Les P2 devant les P1 !

th_LM_24_2017_016Non seulement, c'est une LMP2 qui occupe donc dès lors la tête de l'épreuve mais au moment précis ou la n°1 est poussée derrière le rail à hauteur du golf par les commissaires, ce sont bel et bien trois LMP2 qui devancent la Porsche 919 n°2, leader des P1 ! Ca ne va pas durer bien longtemps. Si les P2 sont très rapides, les P1 sont des flèches… Alors que l'abandon de la 1 est officialisé à 11H40, la 2 reprend la 3ème place à l'Alpine n°35 à 11H52. Un stop&go ralentit alors la Vaillante Rebellion n°13 et 7 minutes plus tard, la Porsche est donc deuxième… Reste à s'occuper du cas Jackie Chan ! La Porsche reprend dix secondes au tour environ à la n°38. A 13H53, le problème est réglé. Timo Bernhard déborde Ho Pin Tung. Porsche vient de reprendre la tête, à un peu plus d'une heure de l'arrivée… Plus rien ne viendra entraver la marche victorieuse de Timo, Brandon et Earl. La 19ème de Porsche est au bout du chemin. Un chemin qui malgré ce long arrêt de plus d'une heure et de nombreuses slow zones ou neutralisations, aura dépassé la marque des 5000 km, 5001,843 pour être précis...

th_LM_24_2017_011Malheureusement, la course du LMP2 n'a concerné que les ORECA entre elles et si la Ligier du United Autosports termine à la 4ème place, elle le doit à sa régularité bien plus qu'à sa vitesse. C'est presque sans surprise d'ailleurs que les ORECA 07 ont tant dominé puisqu'elles sont les seules à être engagées en WEC. Elles sont globalement confiées à d'excellents équipages très homogènes ce qui n'était pas forcément le cas des Ligier par exemple. Le kit Le Mans n'était pas assez bon chez Ligier et on peut en dire de même pour les Dallara qui revinrent carrément au kit aéro classique, celui du Mans leur offrant une Vmax décoiffante mais trop peu d'appuis… La Riley était quant à elle bien trop isolée et subit pas mal de contretemps dont un assez comique et très bel « entrelacement » avec les publicités dans le Dunlop ! La course se restreignit donc aux ORECA 07 et les Vaillante Rebellion (quel coup de comm' magistral soit dit en passant!) furent longtemps dominatrices même si jamais elles ne furent tranquilles, les Manor et les deux Jackie Chan jouant les trouble-fêtes avec constance. A la sortie de la nuit, la constance de l'équipage de la n°38 commença même à porter ses fruits et peu avant les deux tiers de la course, l'ORECA chinoise managée par un team britannique sous la responsabilité d'un français prenait définitivement la tête de la catégorie… Mais la vraie course à coup de secondes, celle qui tint longtemps en haleine les spectateurs, c'est en P2 qu'elle eut lieu cette année du côté des prototypes (car c'est bien le GTE Pro qui s'est lui, accaparé tous les feux de la rampe lors des ultimes tours avec la baston de fou entre l'Aston Martin et la Corvette…)

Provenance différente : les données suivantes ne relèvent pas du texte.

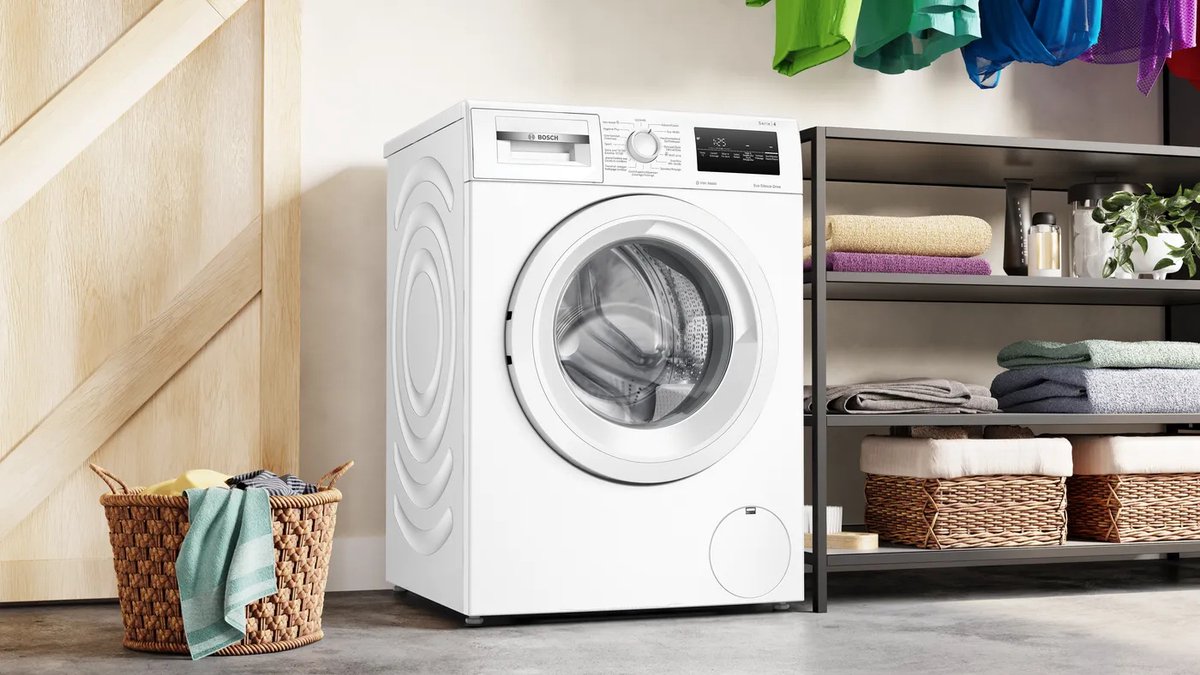 Bosch Serie 4 - Stoomwasmachine Iron Assist thumbnail 4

Impeccable prestation de la Jackie Chan DC Racing n°38 !

th_LM_24_2017_020C'est donc à la fiabilité que cela s'est joué dans la « petite » classe et à ce jeu, le Jackie Chan DC Racing a été le plus fort. Composé de Oliver Jarvis, Ho Pin Tung et Thomas Laurent, l'équipage était très rapide et très régulier, avec une mention pour le « silver » Thomas Laurent : un silver virant au doré teinté de platine... Certes, sa petite sortie durant la soirée à Indianapolis coûté un peu plus d'une minute à la 38. Certes, un changement de capot arrière un peu difficile à midi a coûté un peu plus d'une autre minute à la voiture. Tout cela a privé de quelques minutes supplémentaires de gloire le proto varois. Tout cela nous a enlevé quelques longues minutes de suspense supplémentaires mais il est probable que cela n'aurait rien changé au résultat final. La Porsche l'emporte en effet avec un peu plus d'un tour d'écart soit près de 4 minutes…

Vaillante Rebellion punie !

th_LM_24_2017_002Les Vaillante ont fini par pécher sur le plan de la fiabilité. La n°31 fut la première à être notablement retardé par la faute du carter de boite qui lui fit perdre 1H30 aux stands juste après 9H du matin ! Puis la 13 connut une matinée rendue difficile par un démarreur récalcitrant. L'équipe procéda alors au percement d'un trou dans la carrosserie afin d'accéder facilement à celui-ci sans avoir à enlever le capot à chaque arrêt. C'est strictement interdit par le règlement et le fait de tenter de maquiller cela dans le parc fermé n'arrangea rien à l'affaire. Après avoir reçu le drapeau à damiers en troisième position au scratch, deuxième du LMP2, Piquet/Beche/Heinemeier Hansson se virent disqualifiés ! On se demande ce qu'auraient pu penser de cela Henri Vaillant, le patriarche de l'empire Vaillante ! Cela fait l'affaire de la deuxième voiture du Jackie Chan DC Racing qui hisse ainsi sur le podium général sa deuxième voiture sans en avoir pourtant eu les honneurs...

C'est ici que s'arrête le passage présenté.